(Beginning of Information)

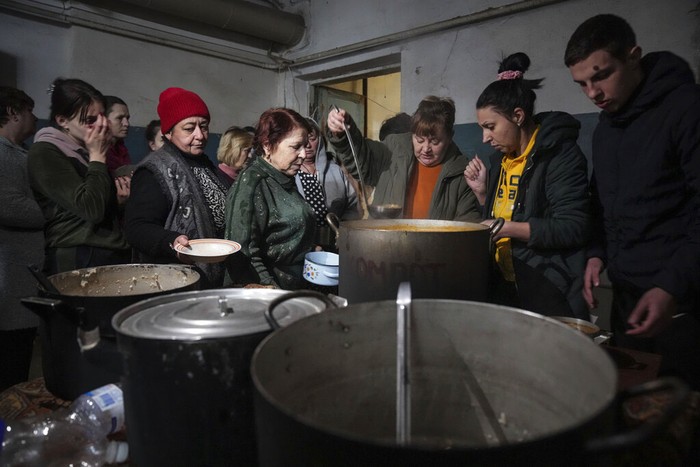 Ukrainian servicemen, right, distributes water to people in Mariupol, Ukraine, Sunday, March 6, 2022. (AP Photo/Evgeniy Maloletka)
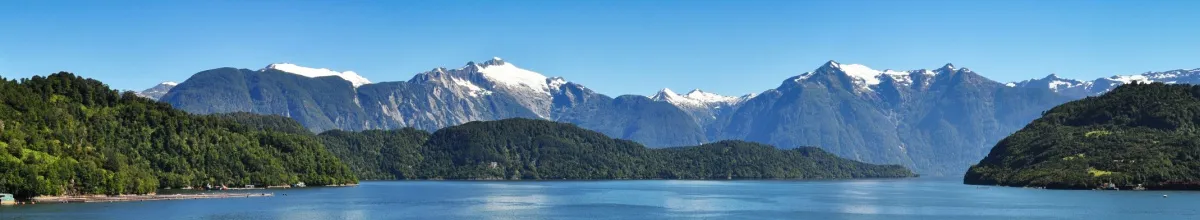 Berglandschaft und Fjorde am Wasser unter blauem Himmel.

(End of Information)
(Beginning of Information)

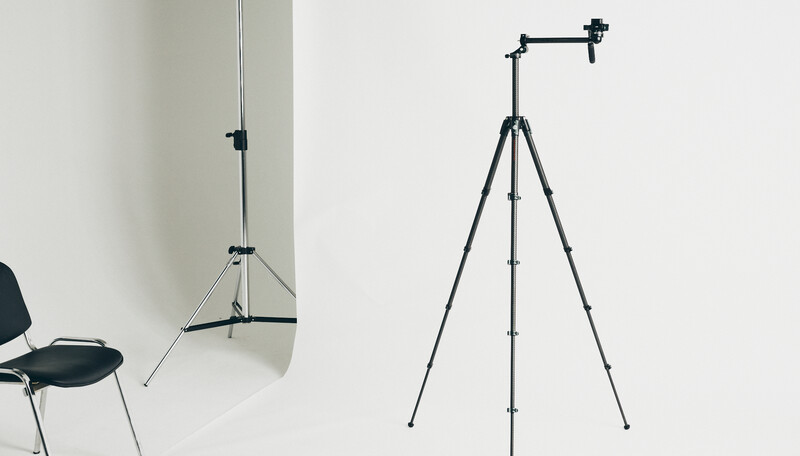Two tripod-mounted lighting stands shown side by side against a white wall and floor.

(End of Information)

**Description of the task:**
Look above for the line with "Ukrainian servicemen, right, distributes", then print it and each line after it down to and including the line with "Berglandschaft und Fjorde". Leave out the pictures and keep the wording exact.

**Response:**
 Ukrainian servicemen, right, distributes water to people in Mariupol, Ukraine, Sunday, March 6, 2022. (AP Photo/Evgeniy Maloletka)
 Berglandschaft und Fjorde am Wasser unter blauem Himmel.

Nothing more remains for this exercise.